PROVIDED RECORDS ::
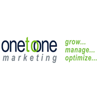 One to One Marketing Logo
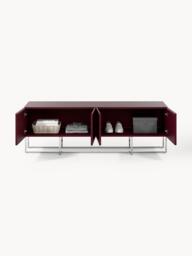 Wooden TV Stand Joe - thumbnail 4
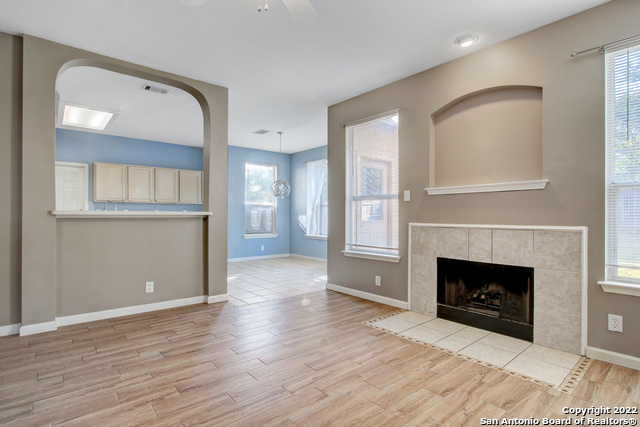 Image 8 of 25 For 8615 Tioga  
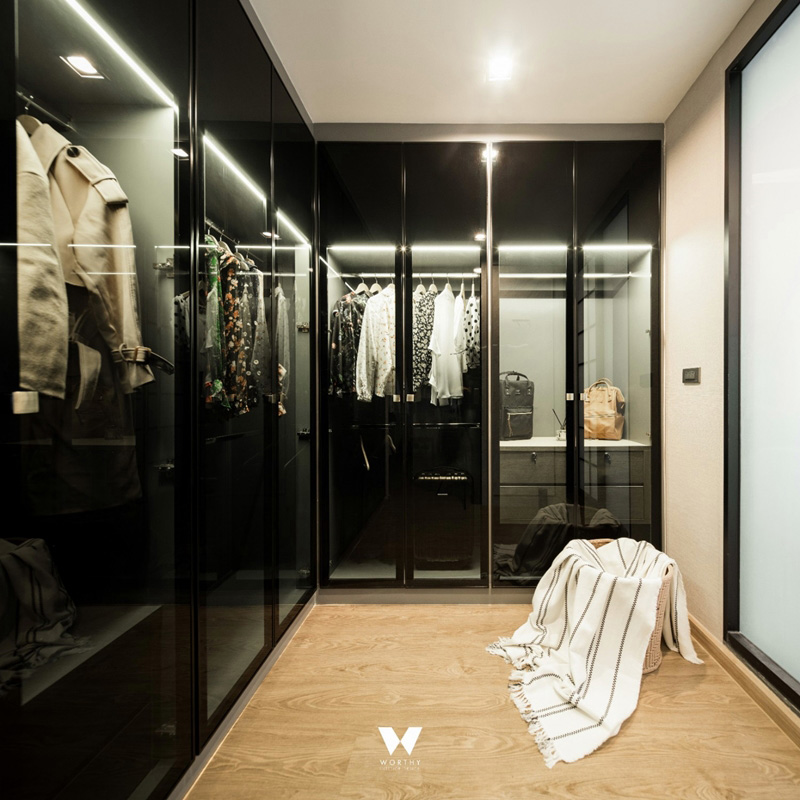 รีโนเวทบ้านเก่า รีโนเวทบ้านเก่า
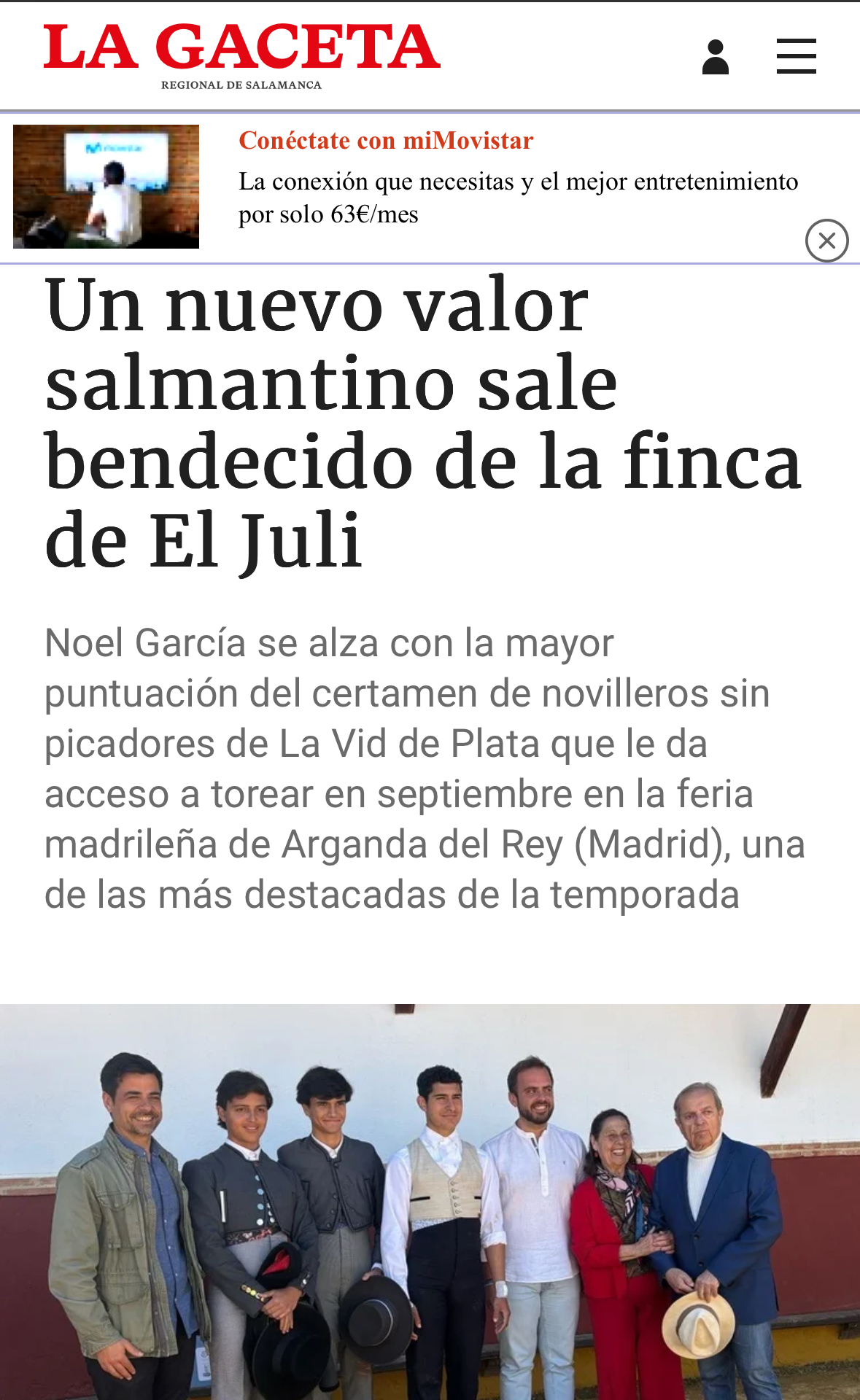noticia4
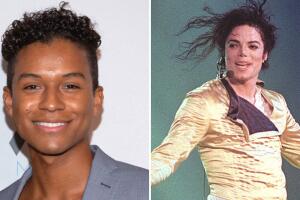 pelicula_michael_jackson.jpg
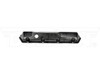 Dorman Right Side Valve Cover 264-5116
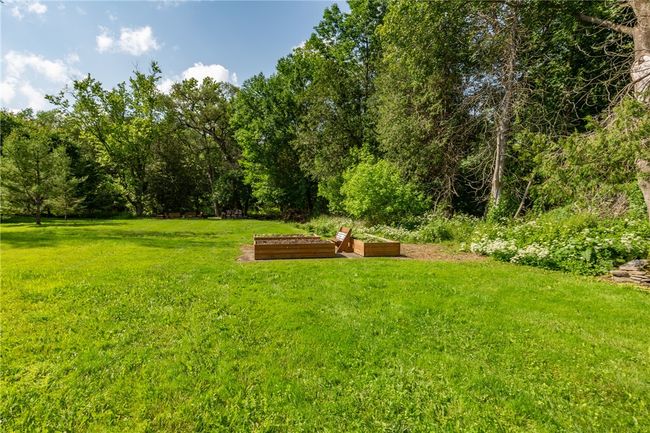 7689 State Highway 80, House other with 2 bedrooms, 2 bathrooms and null parking in Springfld Ctr NY | Image 36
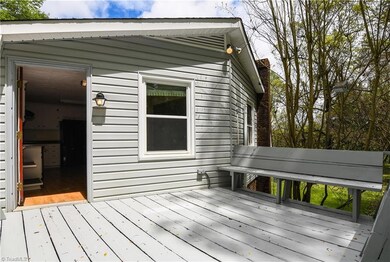 4970 Randleman Rd, Greensboro, NC 27406 - photo 4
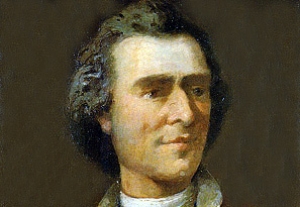 TERRADEGLIAS, DOMENICO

TASK ITEM ::
Pictures are not part of the copy. Reproduce the lines from the one with "Dorman Right Side Valve Cover 264-5116" through the end of the listing above.

ANSWER SPACE ::
 Dorman Right Side Valve Cover 264-5116
 7689 State Highway 80, House other with 2 bedrooms, 2 bathrooms and null parking in Springfld Ctr NY | Image 36
 4970 Randleman Rd, Greensboro, NC 27406 - photo 4
 TERRADEGLIAS, DOMENICO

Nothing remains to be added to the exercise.